Problem: Transcribe only the lines of the listing below from the one holding "Robert Plant/Alison Krauss" through the one holding "Ốp lưng Galaxy Z Flip 5 Likgus trong suốt", inclusive, without any change.

Exercise input:
┌────────

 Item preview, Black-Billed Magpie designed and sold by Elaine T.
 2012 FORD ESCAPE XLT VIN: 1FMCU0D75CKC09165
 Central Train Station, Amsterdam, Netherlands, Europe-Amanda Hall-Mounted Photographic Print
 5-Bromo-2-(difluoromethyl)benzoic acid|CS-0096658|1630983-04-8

└────────
┌────────

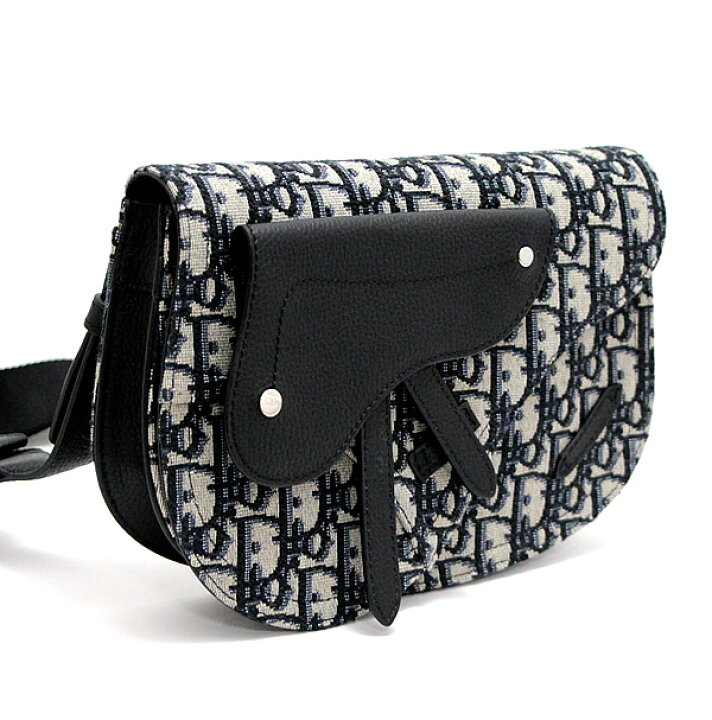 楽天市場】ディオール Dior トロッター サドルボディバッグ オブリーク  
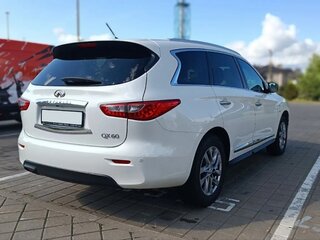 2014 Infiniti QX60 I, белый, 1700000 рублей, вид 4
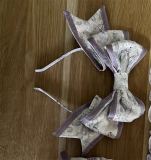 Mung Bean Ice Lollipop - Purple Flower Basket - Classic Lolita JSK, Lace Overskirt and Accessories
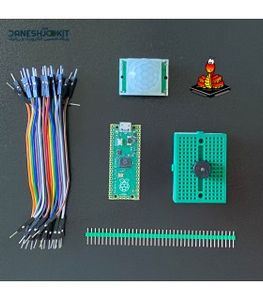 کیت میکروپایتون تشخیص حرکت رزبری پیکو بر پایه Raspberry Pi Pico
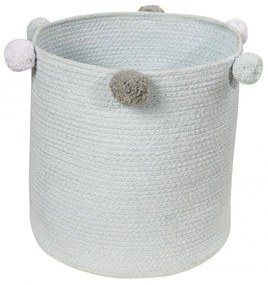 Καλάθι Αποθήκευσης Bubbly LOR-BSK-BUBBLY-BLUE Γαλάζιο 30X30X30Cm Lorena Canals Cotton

└────────
┌────────

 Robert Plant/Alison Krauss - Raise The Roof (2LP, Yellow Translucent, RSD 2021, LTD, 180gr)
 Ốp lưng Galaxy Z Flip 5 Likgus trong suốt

└────────

Response box:
 Robert Plant/Alison Krauss - Raise The Roof (2LP, Yellow Translucent, RSD 2021, LTD, 180gr)
 Ốp lưng Galaxy Z Flip 5 Likgus trong suốt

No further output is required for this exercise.